**Task brief**
Beneath this sentence is a listing. Return its lines from the one containing "Other Small Animals" through the last, exactly, and omit the pictures.

**Data extract**
****************************************

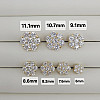 10K Gold CZ Flower Stud Earrings - Multi-Size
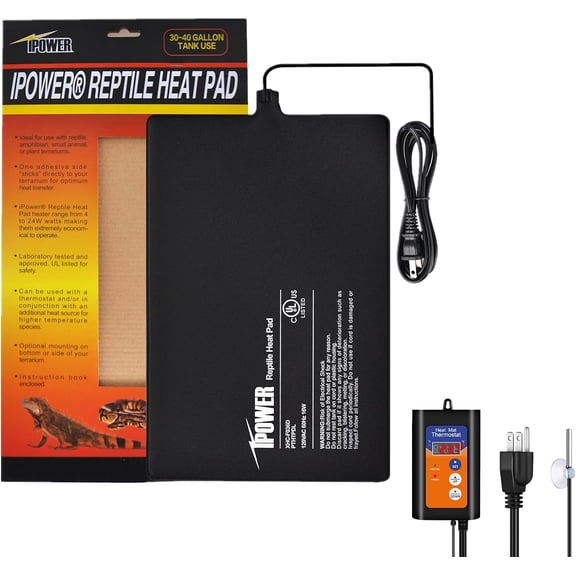 iPower 8" x 12" Reptile Heat Pad Under Tank Heater Terrarium Warmer Heating Mat and Digital Thermostat Controller for Turtles Lizards Frogs and Other Small Animals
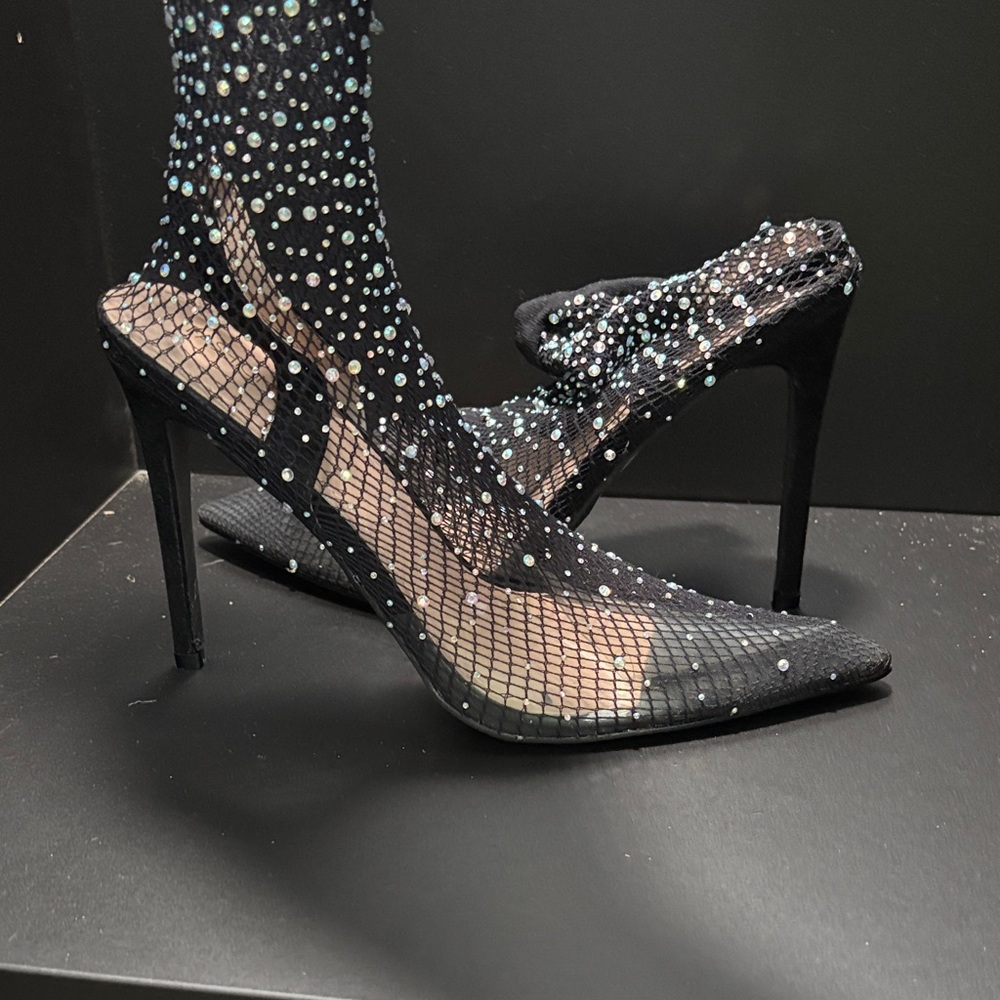 Fashion Nova Black Mesh Heels with Rhinestones
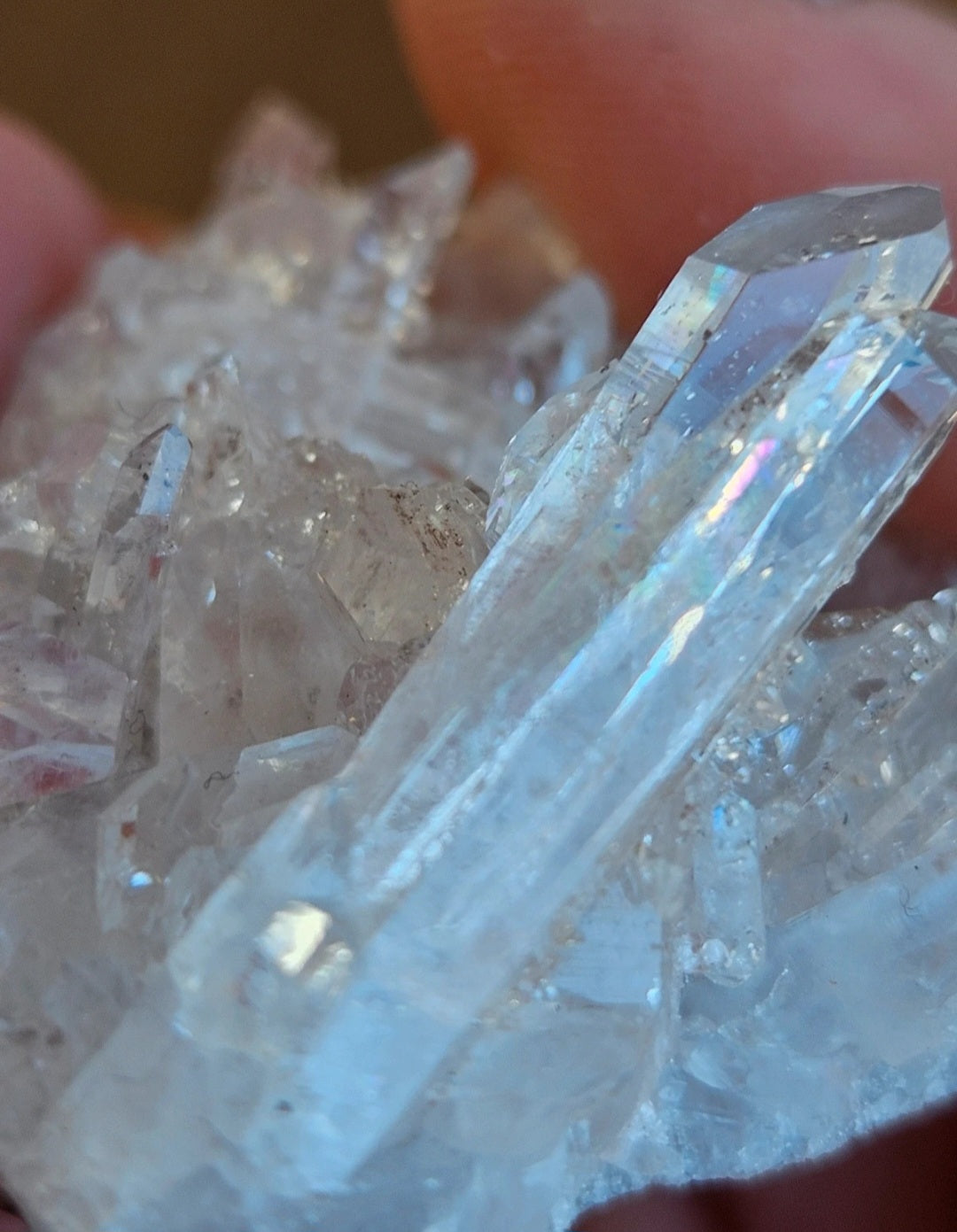 High Clarity Pink Lemurian Quartz Crystal Cluster – Natural Rainbows & Exceptional Clarity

****************************************

**Exercise output**
 iPower 8" x 12" Reptile Heat Pad Under Tank Heater Terrarium Warmer Heating Mat and Digital Thermostat Controller for Turtles Lizards Frogs and Other Small Animals
 Fashion Nova Black Mesh Heels with Rhinestones
 High Clarity Pink Lemurian Quartz Crystal Cluster – Natural Rainbows & Exceptional Clarity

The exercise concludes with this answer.